All dogs great and small
There's a western myth out there that needs to be set right: the myth of the western mountain dog, the notion that to be a great canine companion in the rough and tumble American West, a dog must be robust, daring, unpampered, as comfortable in the rugged backcountry as it is on the couch. A real western mountain dog, goes the myth, has paws big enough to strangle an angry rattler, a bark so fierce it sends bears, baddies and salesmen alike running for the hills; you can take it anywhere -- fishing, hunting, hiking, camping -- and it will love you for it. In other words, if you can fit your dog in your purse, go the hell back to New York City.
Based on the dogs I usually see when I'm out and about in the West, I'd say people have pretty well agreed that labs, collies, and shepherds are the breeds most capable of living up to the western dog ideal. These dogs are great breeds, no doubt. In fact, the American Kennel Club just announced that, in 2011, the lab was the most popular breed in America, followed closely by the German shepherd, beagle, and golden retriever.

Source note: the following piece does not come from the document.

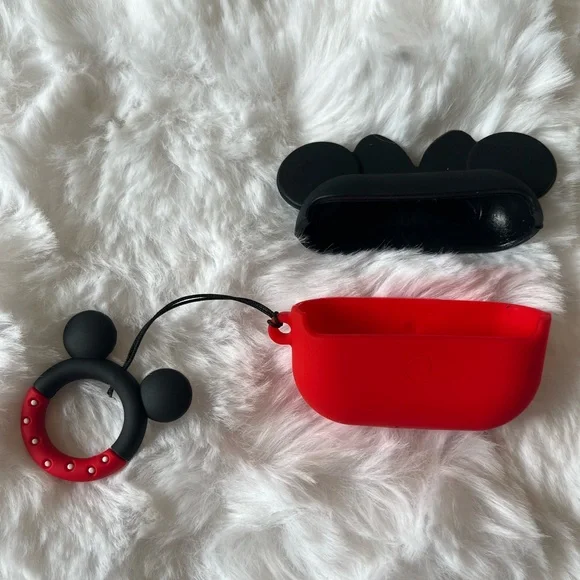 Mickey Mouse Airpod Pro Case - Picture 2 of 2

But I would argue that the perfect western mountain dog knows no breed, and no size, either.
... Enter Daisy, the intrepid mountain Pomeranian.

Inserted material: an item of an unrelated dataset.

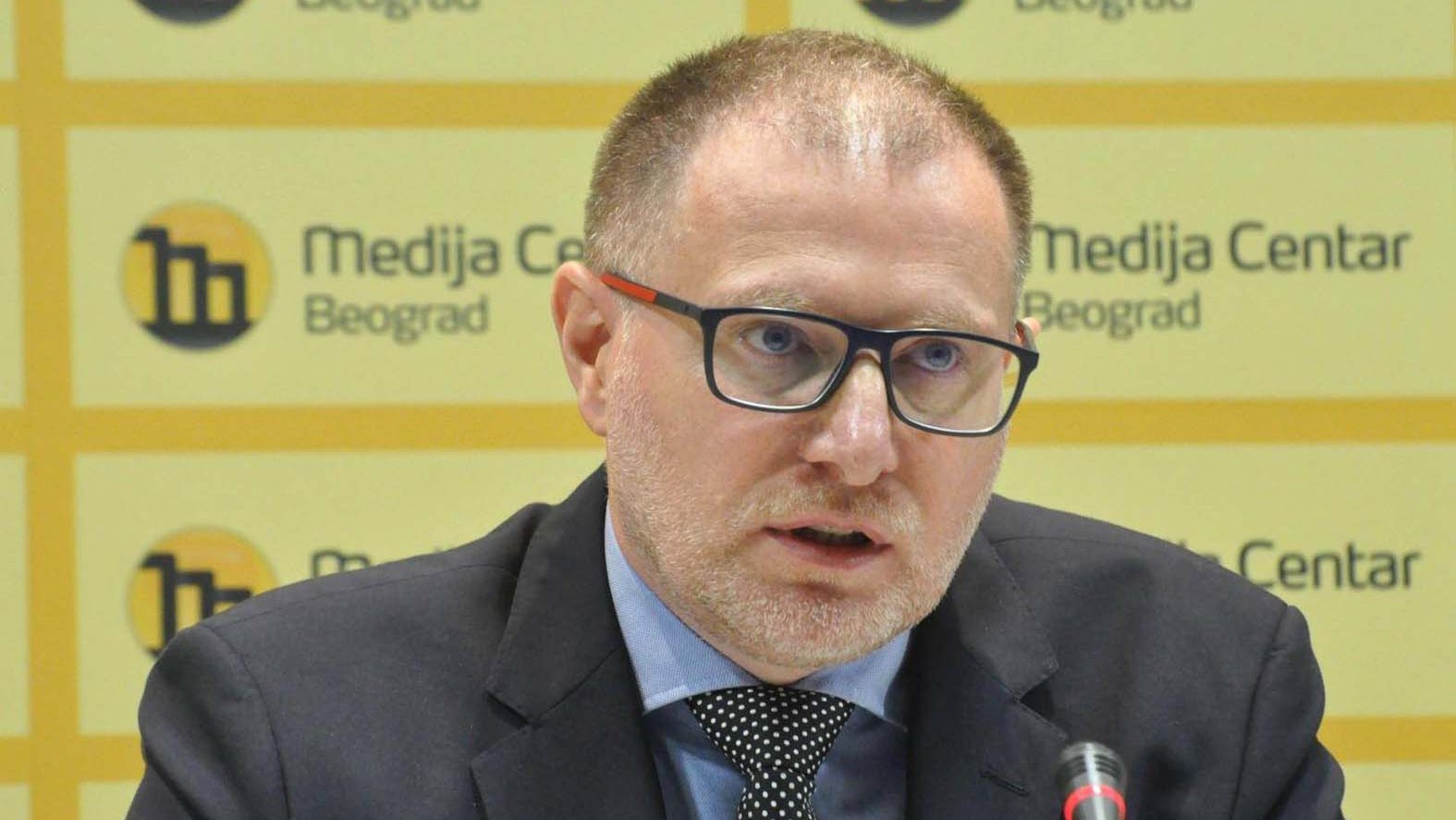 Primena Zakona o strancima na Kosovu: Početak (dez)integracije školstva i zdravstva 2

I got Daisy back in '07 when I was friendless, working a shit job, and living with my parents at home in Billings, Montana. Having grown up with a border collie, I had never considered myself a "small-dog" person. In fact, at the time, I was obsessed with Bernese mountain dogs and hoped I might find a similar-looking dog at the shelter. Instead, I left the place with what people have described to me as a living floor-mop.
"Precious", as the shelter staff called her, walked over to me not five seconds after I came in the door, plopped her fluffy little butt down next to me and looked up. Her pointy ears, long nose and black-tipped orange fur made her look like a fox kit with a bad dye job. She reminded me of Sir Didymus, the gallant fox-like knight puppet from Jim Henson's movie "The Labyrinth". Needless to say, I adopted her on the spot.

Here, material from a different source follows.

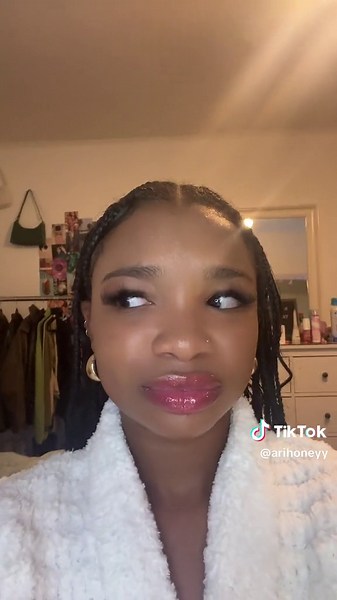 ariana tolbert (@arihoneyy)’s videos with You all looking hot using this - ellie ❦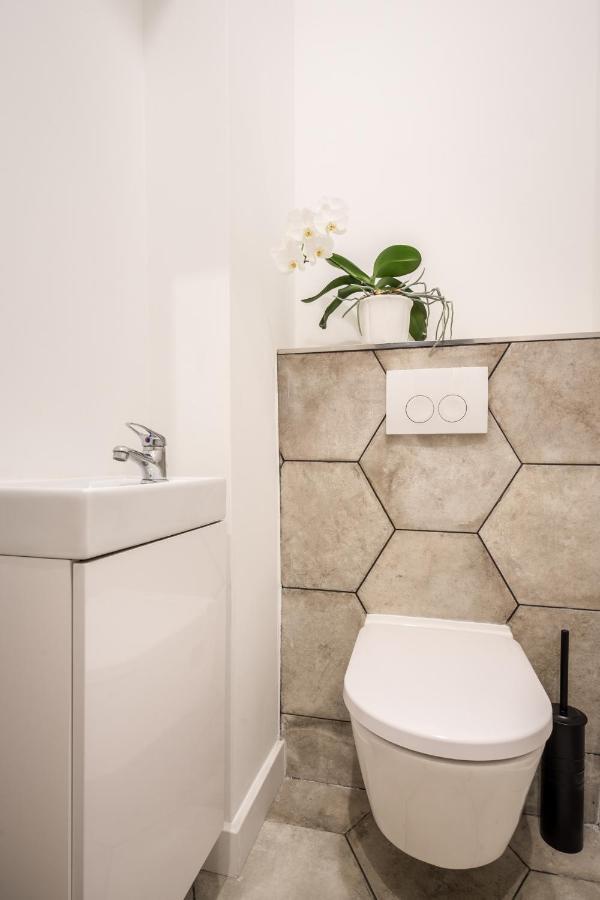 Bpr Kyanit Design With A/c Appartamento Budapest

I'm not going to lie; Daisy is as spoiled rotten as she looks. All she would eat during our first week together was prosciutto. But I'm pleased to report that I have since weaned her off expensive Italian meats and onto cans of Alpo Prime Cut Slices with gravy. And, yes, the brain capacity her tiny cranium affords is limited. She is also, I admit, fond of pillows. But don't be fooled. When it comes to outdoor adventure, she's a beast.
Whether I'm hiking in the Beartooths, canoeing the Jefferson, or camping in the Pryors, Daisy comes along. Being a small dog in the great outdoors has its disadvantages, of course. She tires faster than big dogs, has trouble navigating through tall grass and tangled undergrowth, and, if we ever encountered a bear, I doubt she'd be much help other than, say, serving as a potentially distracting appetizer.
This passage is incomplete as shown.